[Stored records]
● ● ● ● ● ● ●

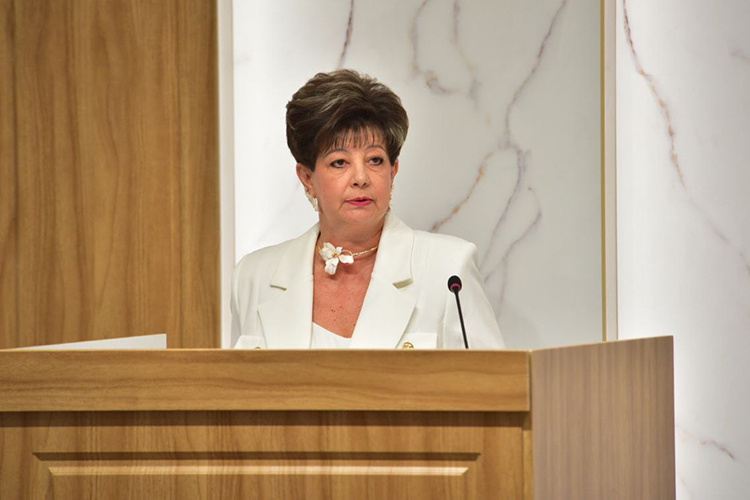    Российская экономика развивается «в условиях высокой неопределенности», отметила в своем докладе заместитель руководителя исполкома Челнов Наталия Кропотова.   
Фото: nabchelny.ru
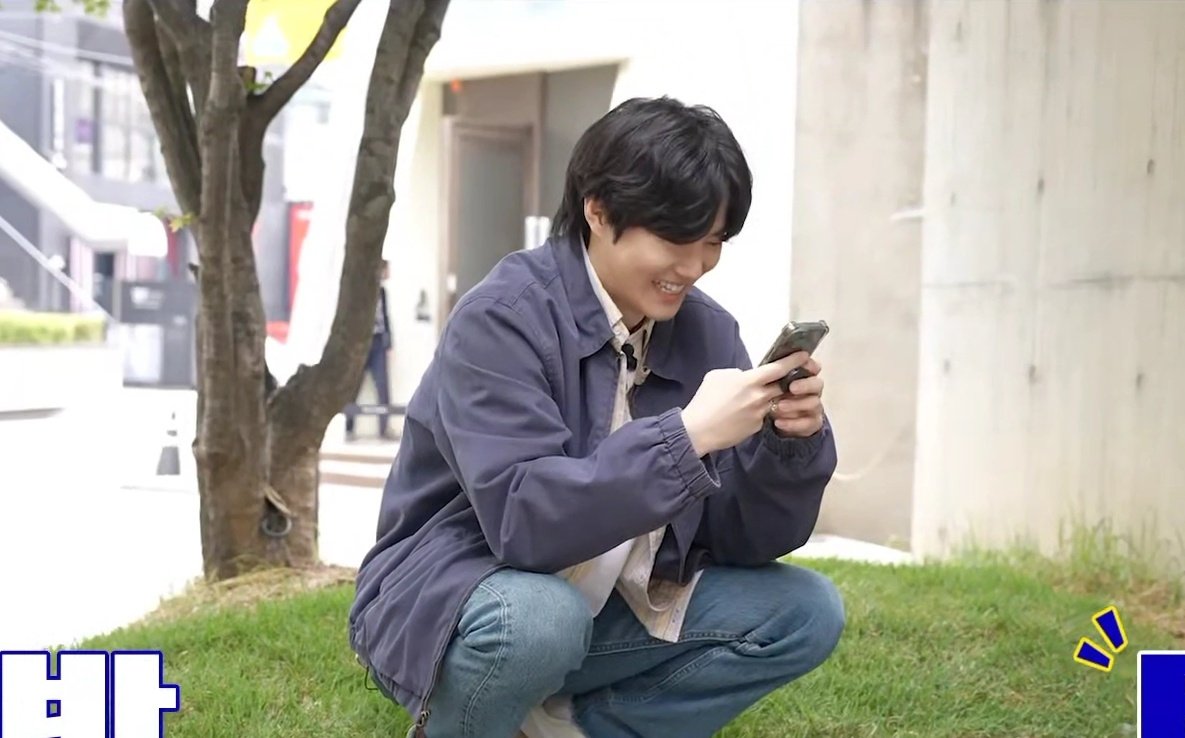 riamyeons's tweet photo. Op : "It's very like a rabbit."
SUHO : " 토끼라고???! ㅋㅋㅋ "

Suho is like a rabbit on a green lawn😭🤏 https://t.co/x0old7tKsP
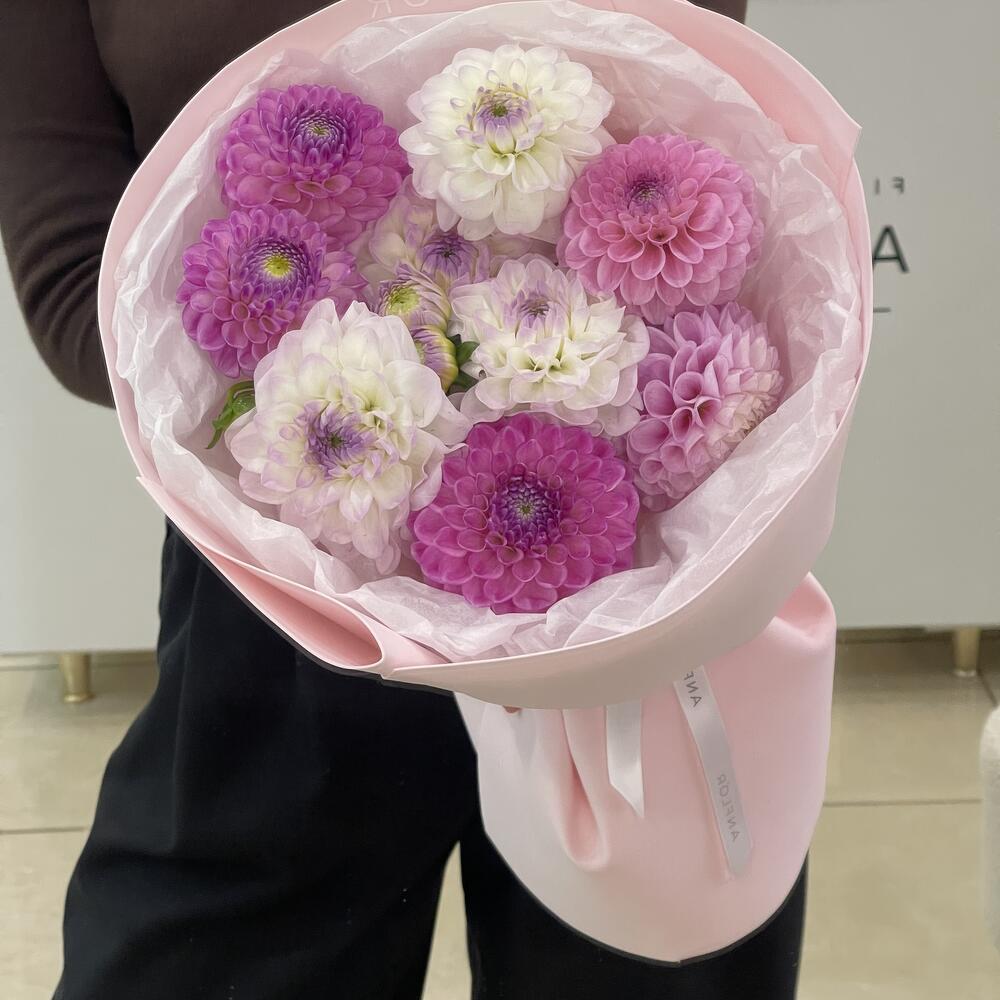 9 шикарных ярких георгин💜💓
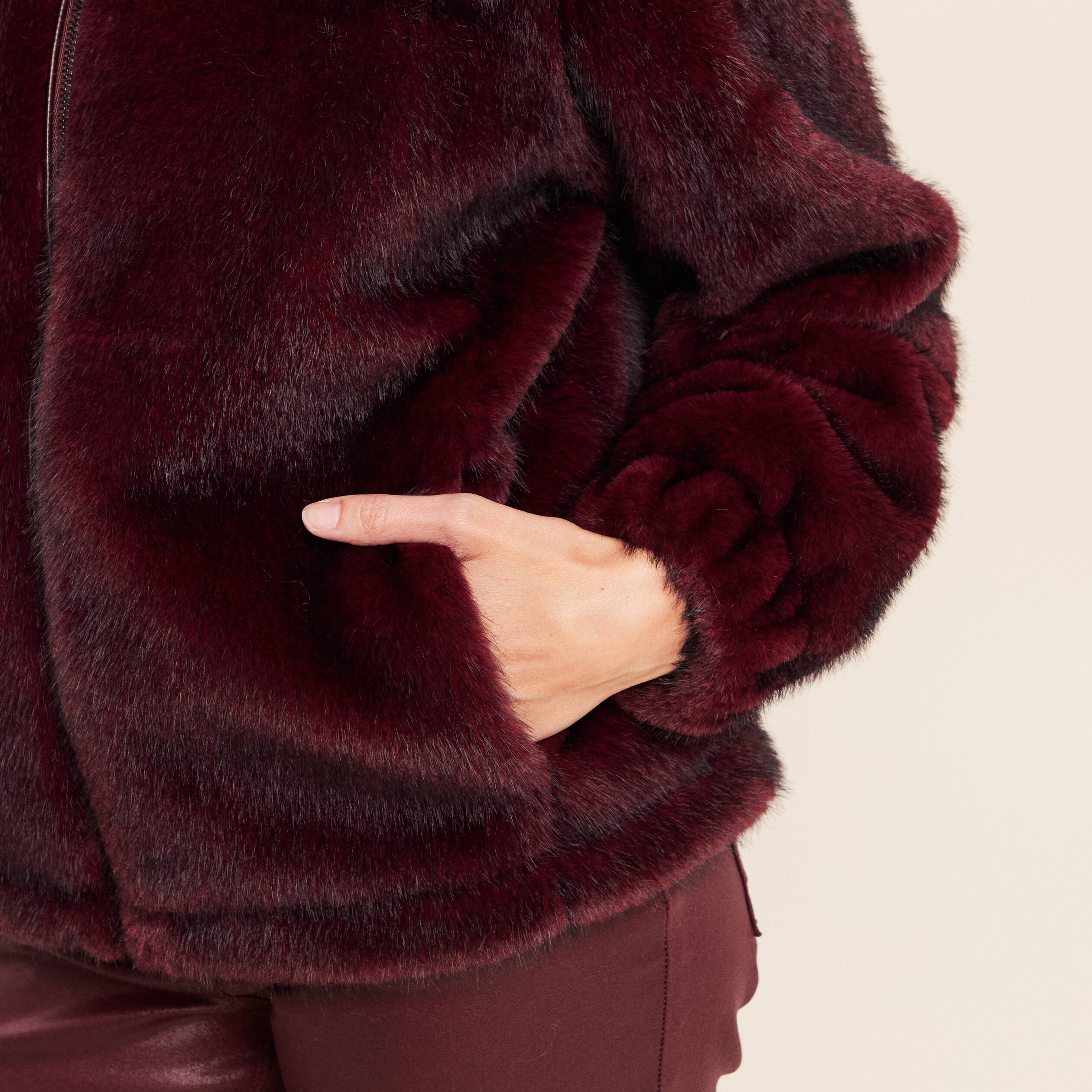 Manteau en fausse fourrure col montant bordeaux femme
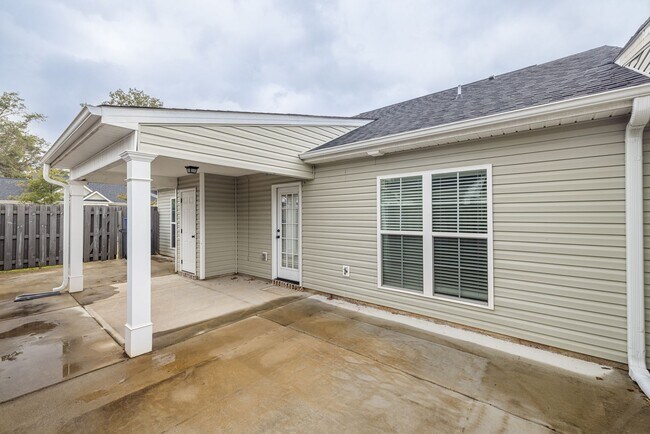 Building Photo - 1043 Wildfire Cir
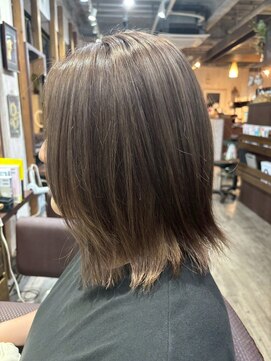 ビーチェ 小岩(Bice) 自然な動きと抜け感が魅力◎ナチュラルレイヤーミディ/ボブ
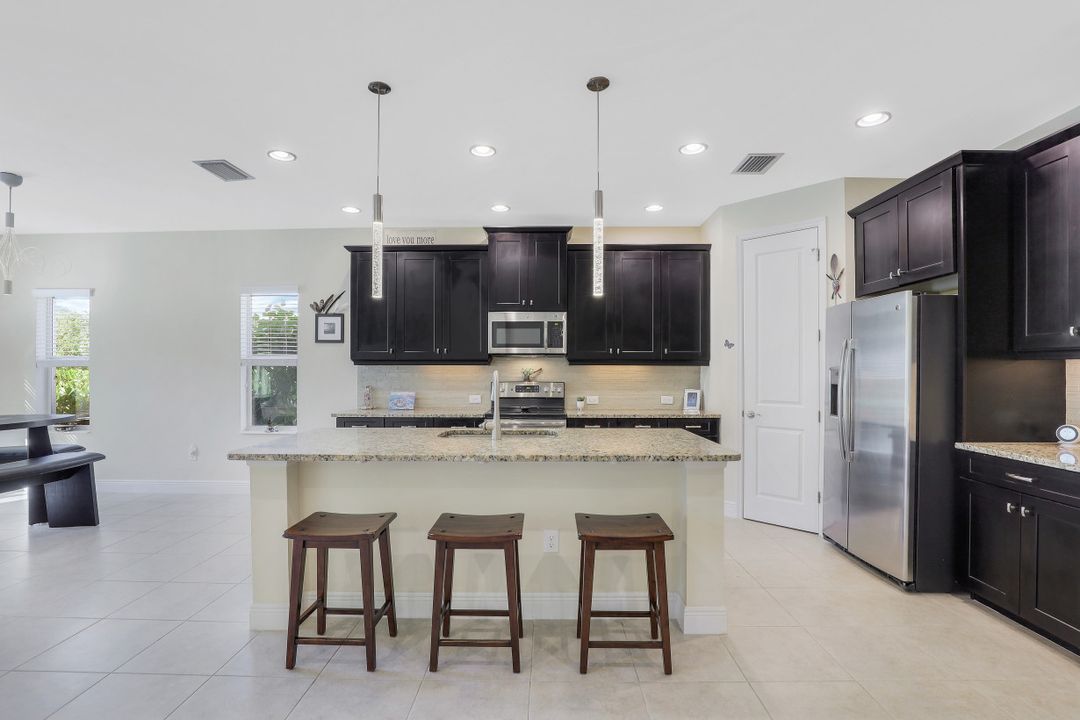 3771 Canopy Cir, Naples, FL 34120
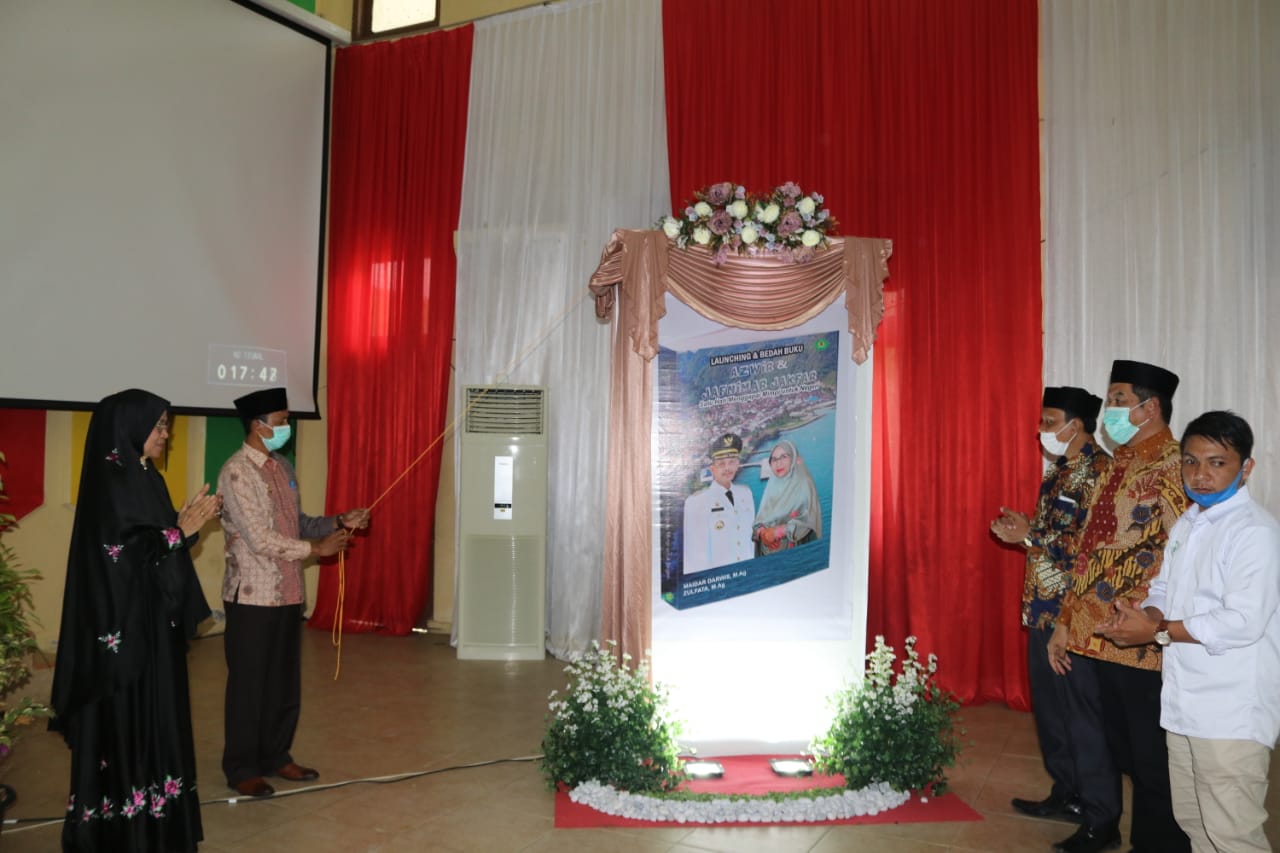 Bupati Tgk Amran Melaunching dan Bedah Buku Biografi Alm. H. Azwir-Hj. Jafnimar Jakfar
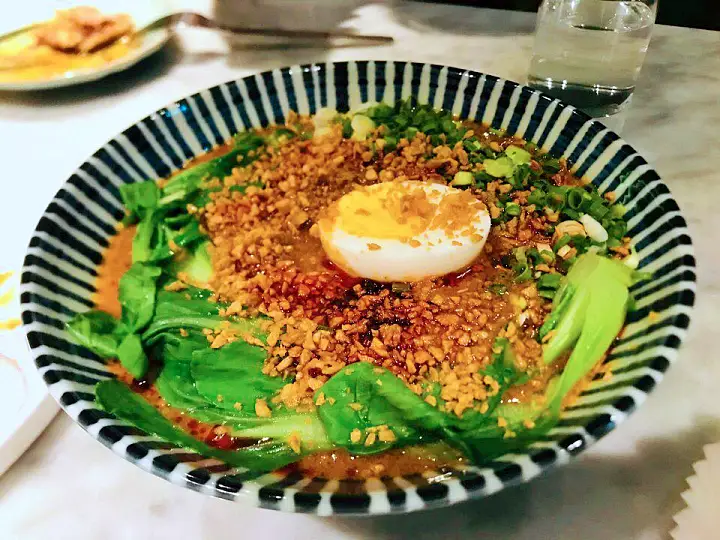 토요일은 밥이 좋아 토밥 국내산 사천 쓰촨식 비빔면, 고량주로 만든 특제 연태 칵테일 한남동 이태원 김종민 박명수 노사연 찐 단골 맛집 추천 토밥즈 방송정보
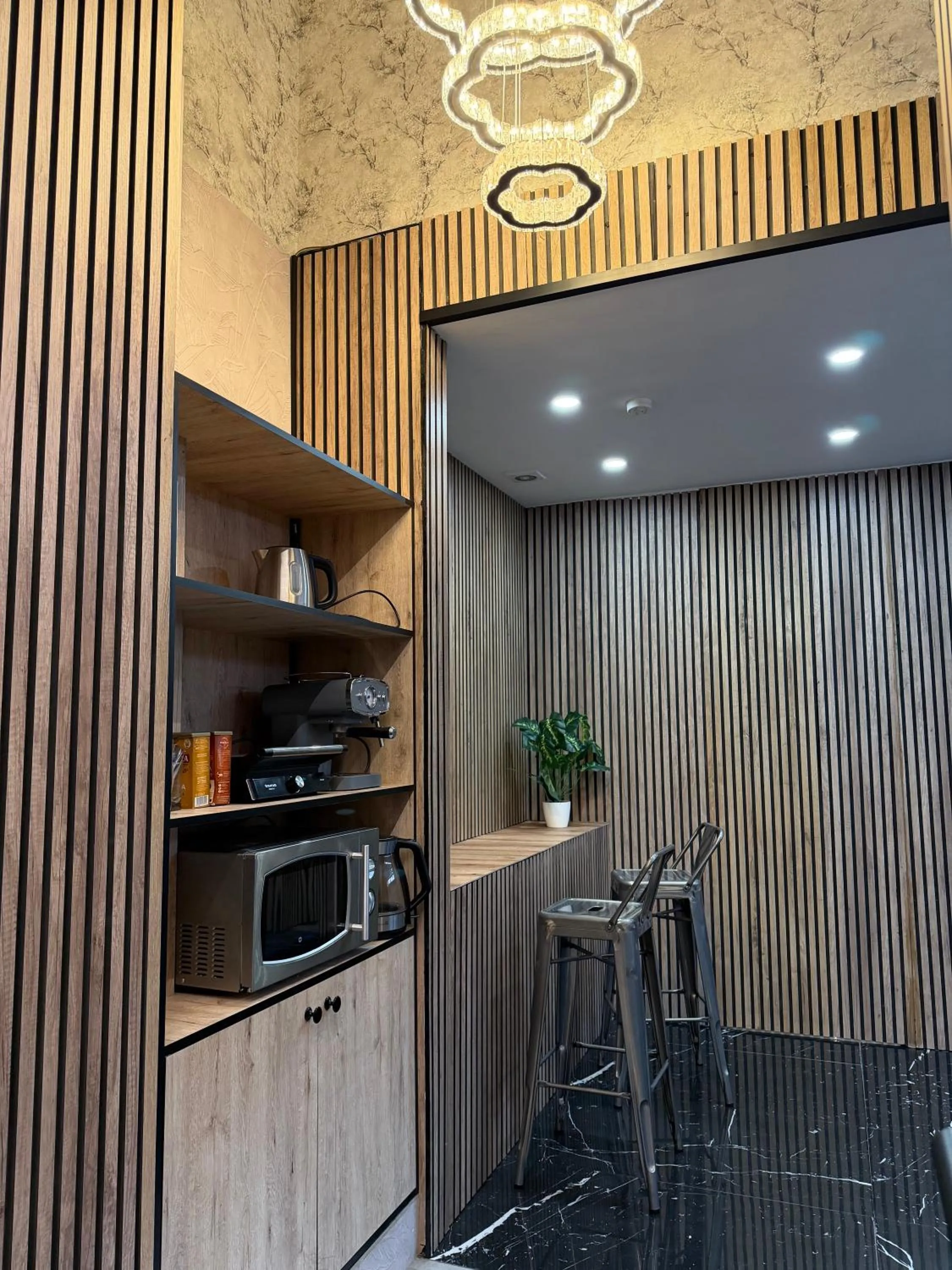 Dining area in Senda Hostel Retiro - Atocha & Madrid Centro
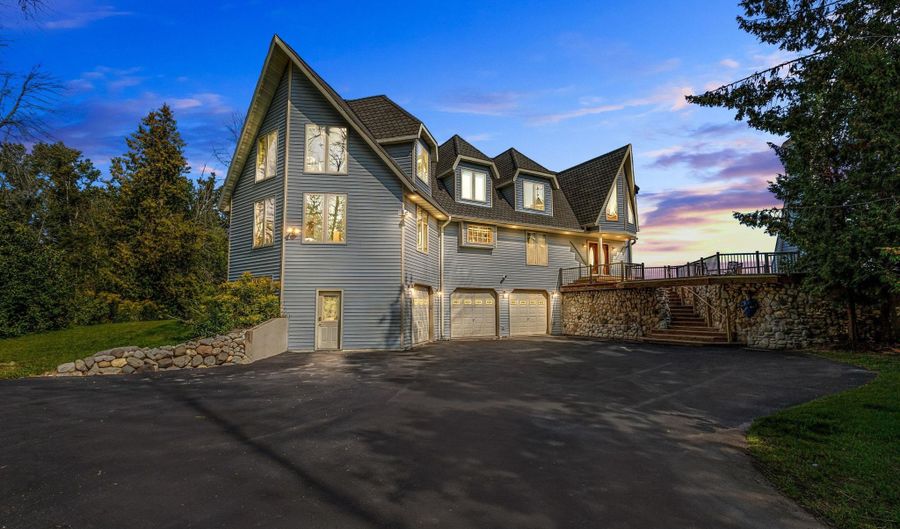 E7379 WASHINGTON Road, Algoma, WI 54201 - 6 Beds, 4 Bath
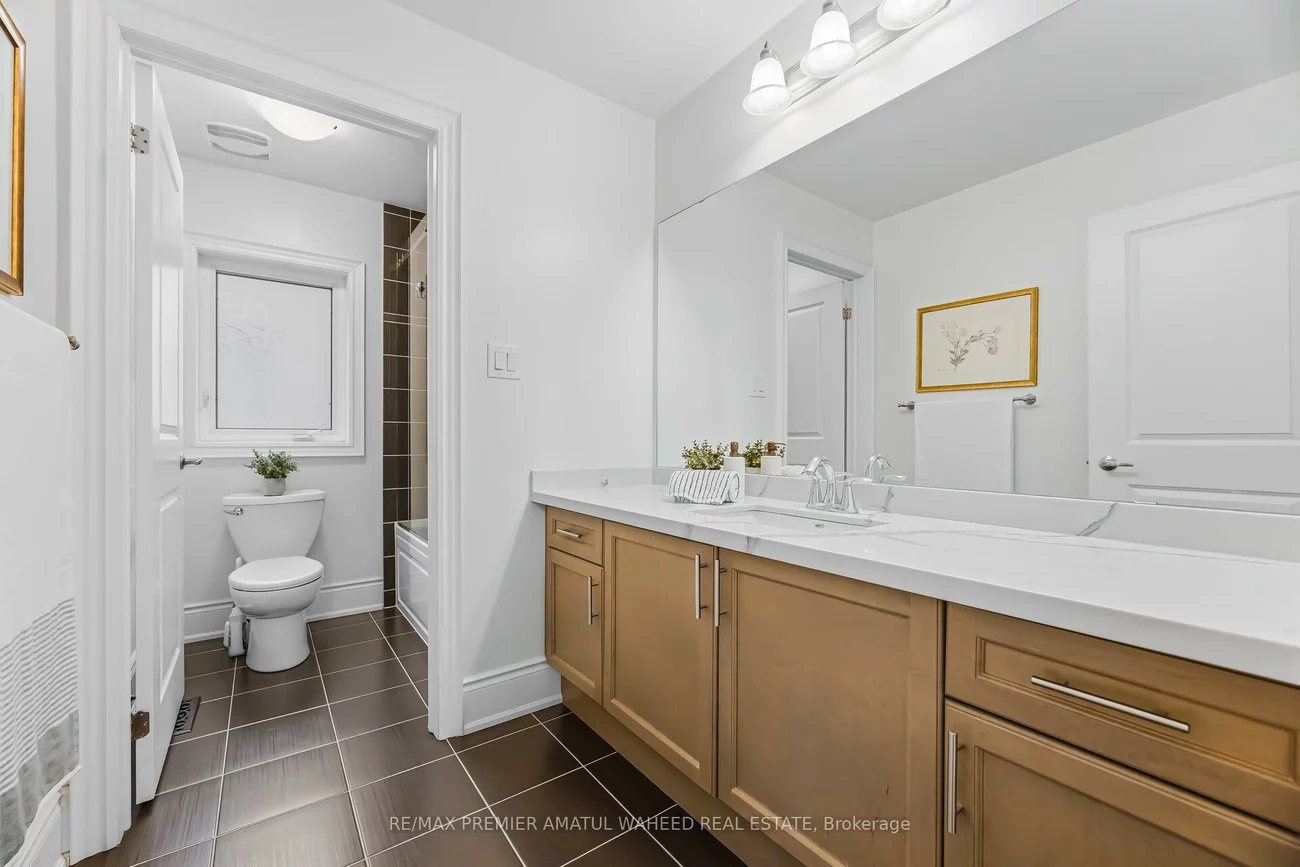 1, Ostrovsky, Vellore Village, Vaughan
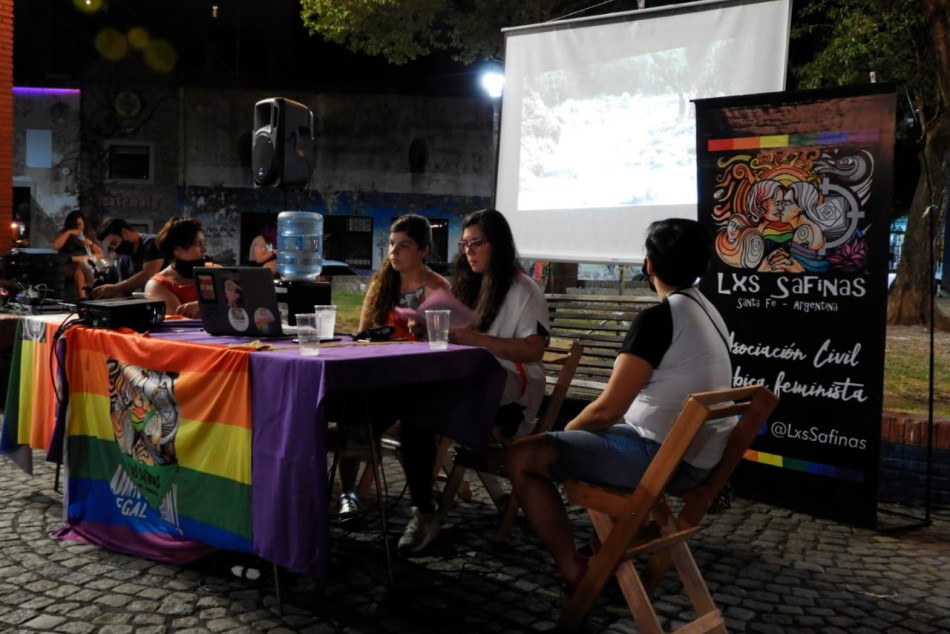 301861 | Edición especial Paseo de los Encantos Diversos - Claudia Cagnone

● ● ● ● ● ● ●

Return exactly the lines from the one containing "Фото: nabchelny.ru" through the end of the records, leaving out every picture.

Фото: nabchelny.ru
 riamyeons's tweet photo. Op : "It's very like a rabbit."
SUHO : " 토끼라고???! ㅋㅋㅋ "

Suho is like a rabbit on a green lawn😭🤏 https://t.co/x0old7tKsP
 9 шикарных ярких георгин💜💓
 Manteau en fausse fourrure col montant bordeaux femme
 Building Photo - 1043 Wildfire Cir
 ビーチェ 小岩(Bice) 自然な動きと抜け感が魅力◎ナチュラルレイヤーミディ/ボブ
 3771 Canopy Cir, Naples, FL 34120
 Bupati Tgk Amran Melaunching dan Bedah Buku Biografi Alm. H. Azwir-Hj. Jafnimar Jakfar
 토요일은 밥이 좋아 토밥 국내산 사천 쓰촨식 비빔면, 고량주로 만든 특제 연태 칵테일 한남동 이태원 김종민 박명수 노사연 찐 단골 맛집 추천 토밥즈 방송정보
 Dining area in Senda Hostel Retiro - Atocha & Madrid Centro
 E7379 WASHINGTON Road, Algoma, WI 54201 - 6 Beds, 4 Bath
 1, Ostrovsky, Vellore Village, Vaughan
 301861 | Edición especial Paseo de los Encantos Diversos - Claudia Cagnone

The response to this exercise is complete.